> **DATASET EXCERPTS**:
☆ ☆ ☆ ☆

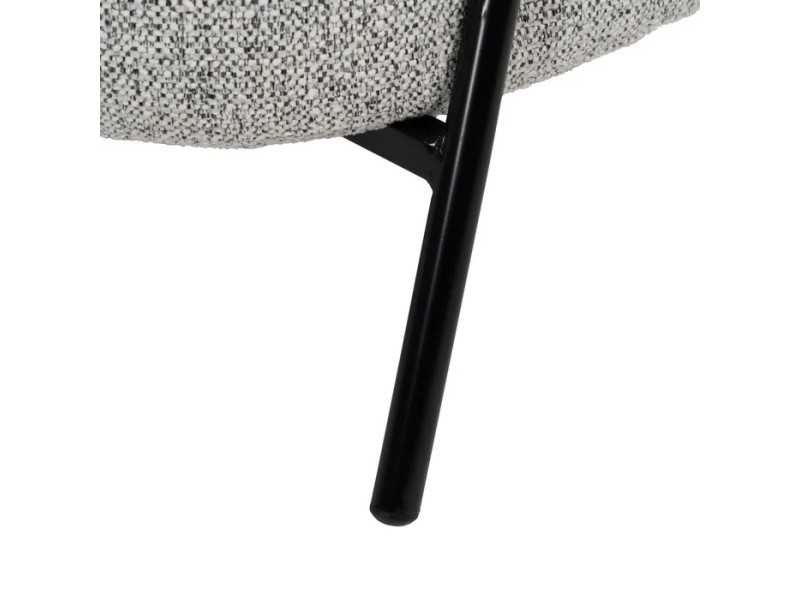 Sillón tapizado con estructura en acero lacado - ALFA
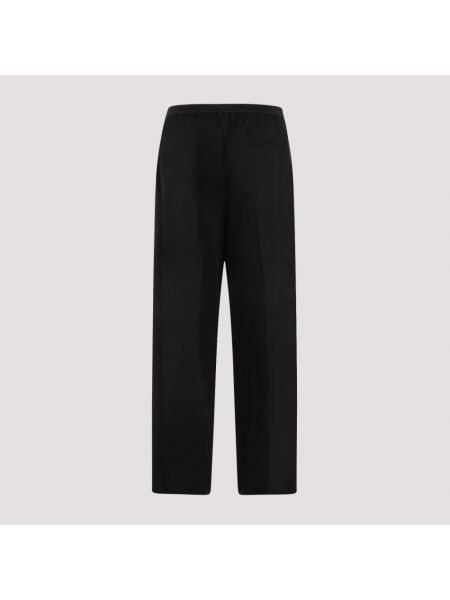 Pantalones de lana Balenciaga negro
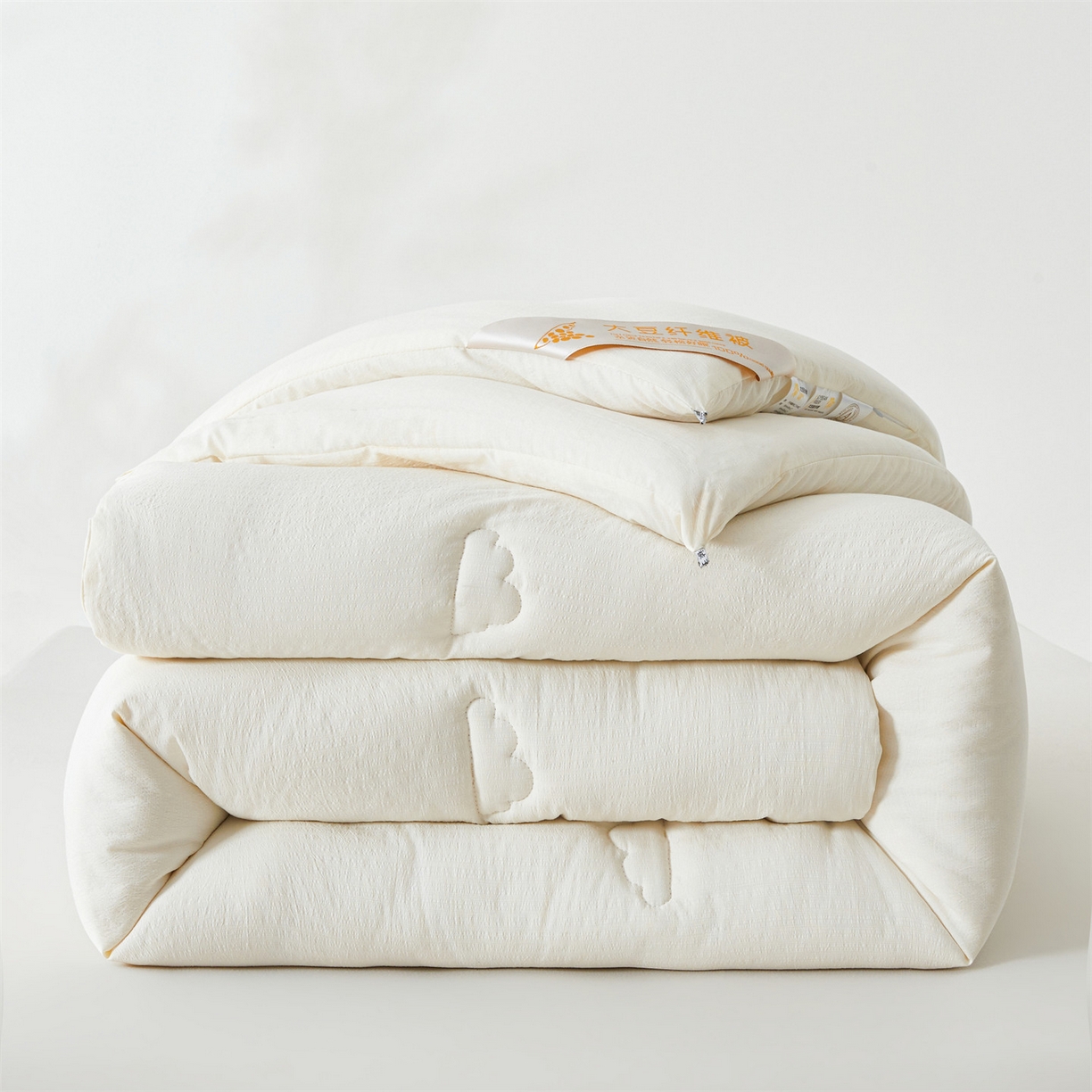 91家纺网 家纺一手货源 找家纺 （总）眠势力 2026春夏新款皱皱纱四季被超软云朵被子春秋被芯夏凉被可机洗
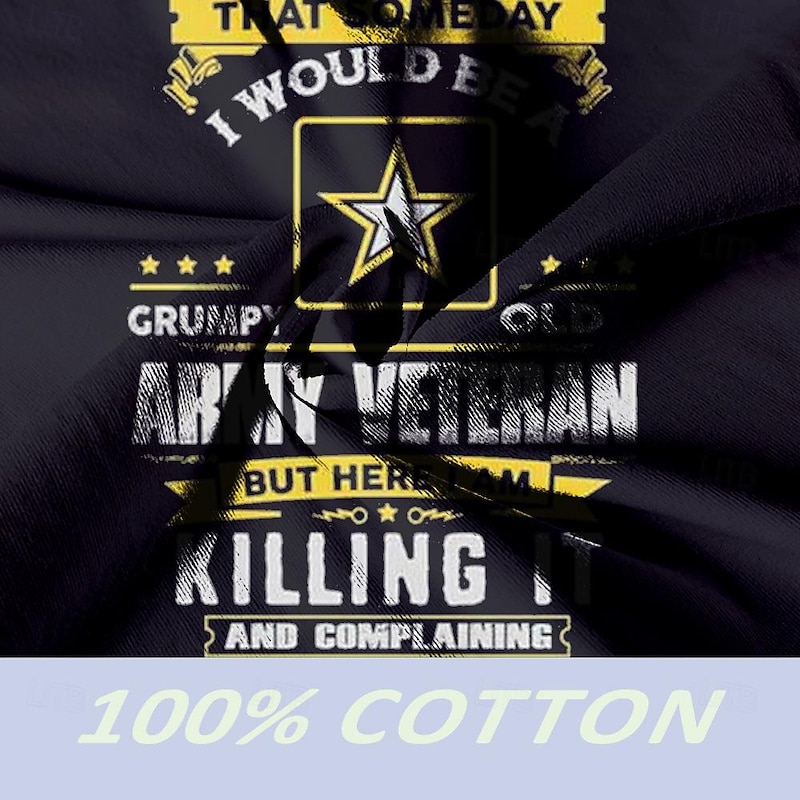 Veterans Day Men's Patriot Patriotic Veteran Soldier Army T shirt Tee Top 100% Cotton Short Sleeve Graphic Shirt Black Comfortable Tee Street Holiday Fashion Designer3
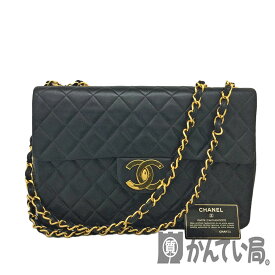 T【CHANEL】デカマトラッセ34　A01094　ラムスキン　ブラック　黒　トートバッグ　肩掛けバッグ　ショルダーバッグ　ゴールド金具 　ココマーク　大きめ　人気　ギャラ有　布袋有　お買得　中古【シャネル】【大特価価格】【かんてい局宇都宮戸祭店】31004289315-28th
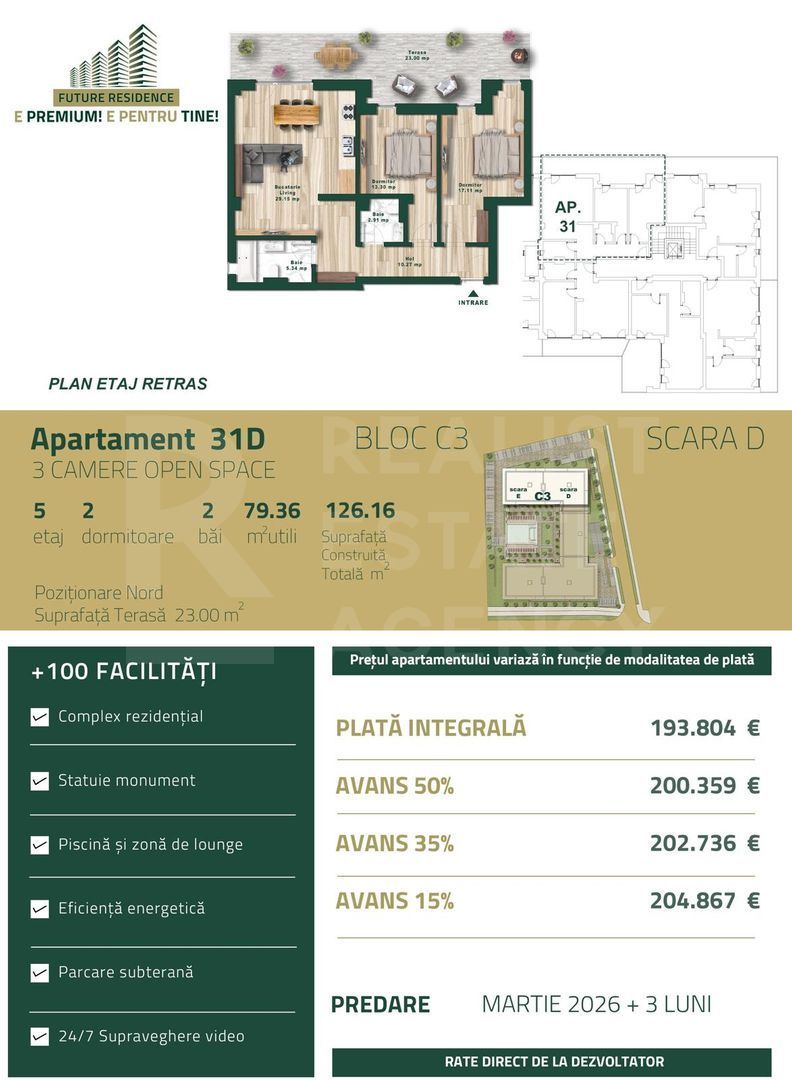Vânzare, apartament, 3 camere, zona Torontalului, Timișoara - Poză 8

☆ ☆ ☆ ☆

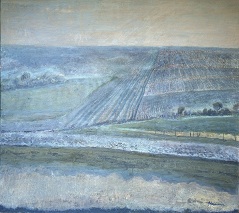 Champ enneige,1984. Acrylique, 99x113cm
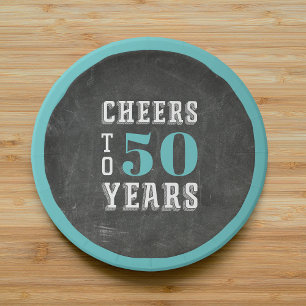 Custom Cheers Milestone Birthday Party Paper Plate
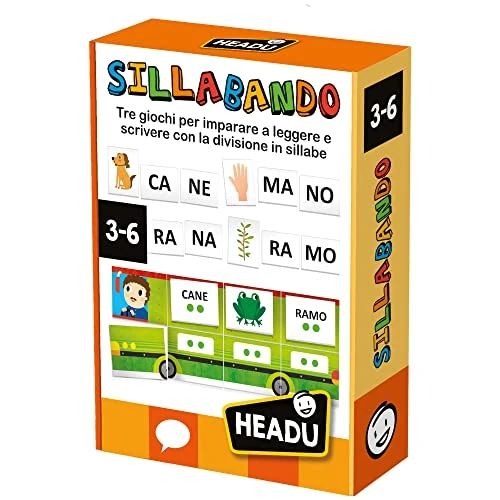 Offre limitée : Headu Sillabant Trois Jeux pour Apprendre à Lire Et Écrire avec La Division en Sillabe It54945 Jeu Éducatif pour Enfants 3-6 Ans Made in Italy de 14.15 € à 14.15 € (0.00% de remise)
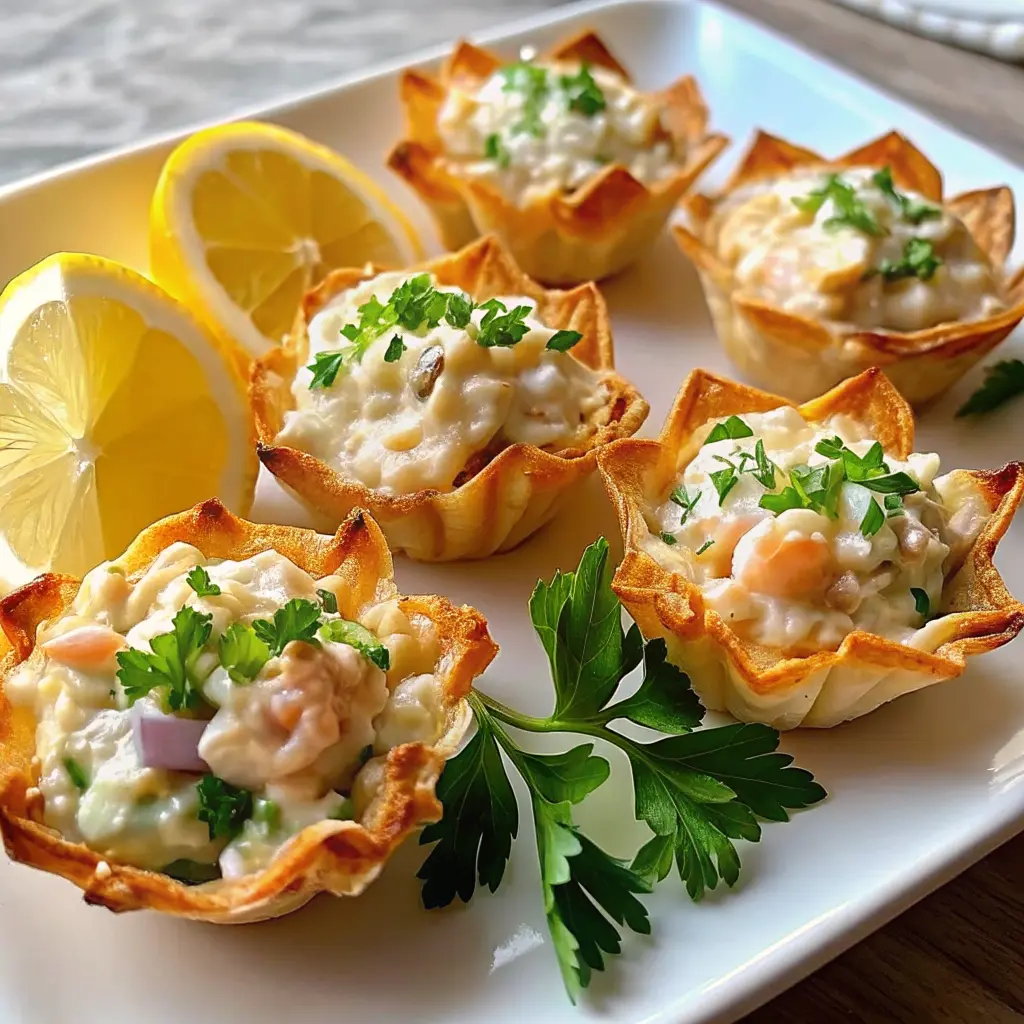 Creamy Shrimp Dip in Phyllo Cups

☆ ☆ ☆ ☆

> **WORK ORDER**:
Reproduce, word for word, everything in the listing above from the line containing "Sillón tapizado con" down to the line containing "Vânzare, apartament, 3", both of them included. No pictures.

> **ANSWER**:
 Sillón tapizado con estructura en acero lacado - ALFA
 Pantalones de lana Balenciaga negro
 91家纺网 家纺一手货源 找家纺 （总）眠势力 2026春夏新款皱皱纱四季被超软云朵被子春秋被芯夏凉被可机洗
 Veterans Day Men's Patriot Patriotic Veteran Soldier Army T shirt Tee Top 100% Cotton Short Sleeve Graphic Shirt Black Comfortable Tee Street Holiday Fashion Designer3
 T【CHANEL】デカマトラッセ34　A01094　ラムスキン　ブラック　黒　トートバッグ　肩掛けバッグ　ショルダーバッグ　ゴールド金具 　ココマーク　大きめ　人気　ギャラ有　布袋有　お買得　中古【シャネル】【大特価価格】【かんてい局宇都宮戸祭店】31004289315-28th
Vânzare, apartament, 3 camere, zona Torontalului, Timișoara - Poză 8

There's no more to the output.